The @abstract keyword, when it follows a method declaration, tells HLA that you are not going to provide an implementation of the method for this class. Instead, it is the responsibility of all derived class to provide a concrete implementation for the abstract method. HLA will raise an exception if you attempt to call an abstract method directly. The following is the modification to the numeric class to convert put to an abstract method:

 type      numeric: class           method put; @abstract;           << Other common methods shared by all the classes >>      endclass; 

An abstract base class is a class that has at least one abstract method. Note that you don't have to make all methods abstract in an abstract base class; it is perfectly legal to declare some standard methods (and, of course, provide their implementation) within the abstract base class.

Abstract method declarations provide a mechanism by which a base class can specify some generic methods that the derived classes must implement. In theory, all derived classes must provide concrete implementations of all abstract methods, or those derived classes are themselves abstract base classes. In practice, it's possible to bend the rules a little and use abstract methods for a slightly different purpose.

A little earlier, you read that one should never create variables whose type is an abstract base class. For if you attempt to execute an abstract method the program would immediately raise an exception to complain about this illegal method call. In practice, you actually can declare variables of an abstract base type and get away with this as long as you don't call any abstract methods. We can use this fact to provide a better form of method overloading (that is, providing several different routines with the same name but different parameter lists). Remember, the standard trick in HLA to overload a routine is to write several different routines and then use a macro to parse the parameter list and determine which actual routine to call. The problem with this technique is that you cannot override a macro definition in a class, so if you want to use a macro to override a routine's syntax, then that macro must appear in the base class. Unfortunately, you may not need a routine with a specific parameter list in the base class (for that matter, you may only need that particular version of the routine in a single derived class), so implementing that routine in the base class and in all the other derived classes is a waste of effort. This isn't a big problem. Just go ahead and define the abstract method in the base class and only implement it in the derived class that needs that particular method. As long as you don't call that method in the base class or in the other derived classes that don't override the method, everything will work fine.

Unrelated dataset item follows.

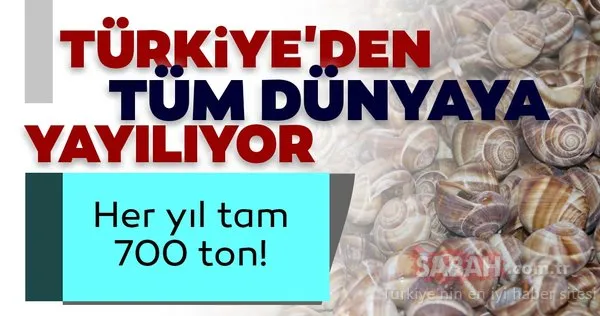 Bilecik'ten tüm dünyaya her yıl 700 ton salyangoz dolması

One problem with using abstract methods to support overloading is that this trick does not apply to procedures — only methods. However, you can achieve the same effect with procedures by declaring a (non-abstract) procedure in the base class and overriding that procedure only in the class that actually uses it. You will have to provide an implementation of the procedure in the base class, but that is a minor issue (the procedure's body, by the way, should simply raise an exception to indicate that you should have never called it).

^[11]Note, by the way, that TheValue is not a common field because this field has a different type in the r64 class.